LUBUMBASHI, Democratic Republic of Congo (Reuters) - Democratic Republic of Congo opposition leader Moise Katumbi on Thursday denied an accusation by the government that he hired foreign mercenaries, and said he had nothing to fear from an investigation into his conduct or from reports that he might be arrested.
His comments come a day after he announced he would run for president of Congo in November, at an election to choose a successor to incumbent Joseph Kabila who is due to step down at the end of his two-term mandate.
Tensions are high ahead of the election in part because Kabila has not declared his intentions. Critics say he intends to remain in power after his mandate ends, leading a country that has not had a peaceful transition of power since independence.
Justice Minister Alexis Thambwe Mwamba said authorities had proof Katumbi was involved in recruiting mercenaries including several retired American soldiers. A government spokesman said four of Katumbi’s bodyguards were arrested because they were not authorized to work in the country.
“I have nothing to fear because I have no mercenaries with me at the house, nor have I recruited any. It’s just rumors ... Investigators said they were going to come to my house to search and arrest me. Let them come,” Katumbi said.
“I maintain my candidacy (for the presidency) and will stay true to my peaceful struggle for the state and the law,” he told Reuters.
The U.S. Embassy in the capital Kinshasa said on its Facebook page it was deeply concerned about Mwamba’s accusations and believed them to be false.
It said a U.S. citizen working in Katanga province as a security advisor for a private U.S. company that consults around the world was arrested on April 24, but was unarmed and that allegations he was involved in mercenary activity are false.

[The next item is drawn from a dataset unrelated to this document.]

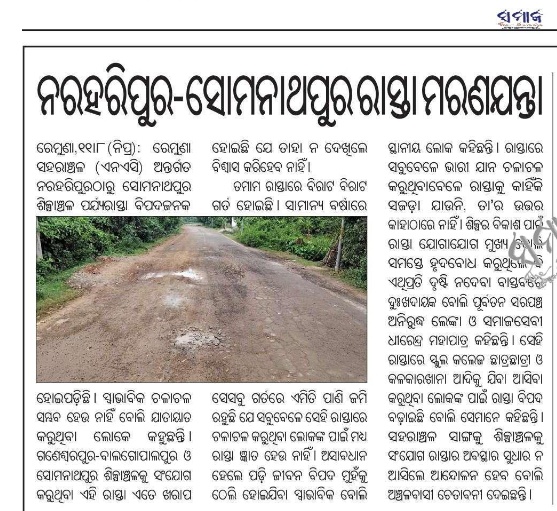 Rajukuma1234's tweet photo. Respected @RabiNaikBJP @CMO_Odisha @SecyChief @RDOdisha @pcsarangi @PWD_Odisha @PRDeptOdisha @PravatiPOdisha @KVSinghDeo1 @DBalasore @mvsuryawanshi Sir Please investigate it and take needful action published on the daily odia newspaper.
#balasore #samajnewspaper #virelphoto https://t.co/DMqgaINSv8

Katumbi governed Katanga, Congo’s southeastern copper-mining heartland, from 2007 until last September when he quit Kabila’s ruling party, accusing it of plotting to keep the president in power beyond the two-term limit.
More than 40 people were killed in protests in January 2015 over the issue of whether Kabila might try to stay in power beyond his term. Since then, authorities have arrested dozens of critics of Kabila on what the United Nations and human rights groups say are trumped-up charges.